So, the behavior of mygen() is radically different depending on whether it
is called with iter(mygen()) or mygen.iter(). It looks like the parameter
string is being asked to pull double duty. How would you code an equivalent
to:

def logger(afile, author):
while True:
print >> file, __self__.data, ':changed by', author
yield None

> but also allowing something with varying arguments, e.g.,
>
> def mygen(*args, **kwds):

Lesson 1 from a PEP author: the more you include in
a proposal, the less likely you are to get any of it.


> I.e., in addition to having a .next() method for backwards compatibility,
> the generator object would have a def __call__(self, *args, **kwargs)
method,
> to make the generator look like a callable proxy for the function.

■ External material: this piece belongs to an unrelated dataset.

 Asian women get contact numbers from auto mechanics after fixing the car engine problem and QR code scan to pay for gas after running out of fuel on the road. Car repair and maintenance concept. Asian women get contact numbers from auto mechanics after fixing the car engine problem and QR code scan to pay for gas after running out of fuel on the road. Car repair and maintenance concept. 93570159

Lesson 2: the more clever the proposal, the more likely
it is to be deemed unpythonic.


> When the generator's __call__ method was called, it would rebind the
associated
> function's arg locals each time, as if calling with arg unpacking like
mygen(*args, **kwargs)
> -- but then resuming like .next()

See Lesson 1.

>
> Possibly g() could be treated as another spelling of g.next(), skipping
arg name rebinding.

See Lesson 2

> A default argument should be allowable, and def mygen(x, y=123):

See Lesson 1


.> .. would have


> x and y rebound as you would expect on the first call, at least. You could
argue
> whether to use the original default for subsequent calls or allow a
rebinding
> of a default arg name to act like a default for a subsequent call, but I
think
> optional args should remain optional for all calls.

See Lesson 2 ;)


>
> Note that a generator could now be also used with map, reduce, and filter
as functions
> as well as sequence sources. E.g., IWT you could write compile as a string
filter.
>

> For backwards compatibility. mygen.iter() would have to set a flag or
whatever so
> that the first g() call would not call mygen and get a generator, but
would just
> bind the mygen args and "resume" like .next() from the very start instead.

I'm sure there's another lesson here too ;)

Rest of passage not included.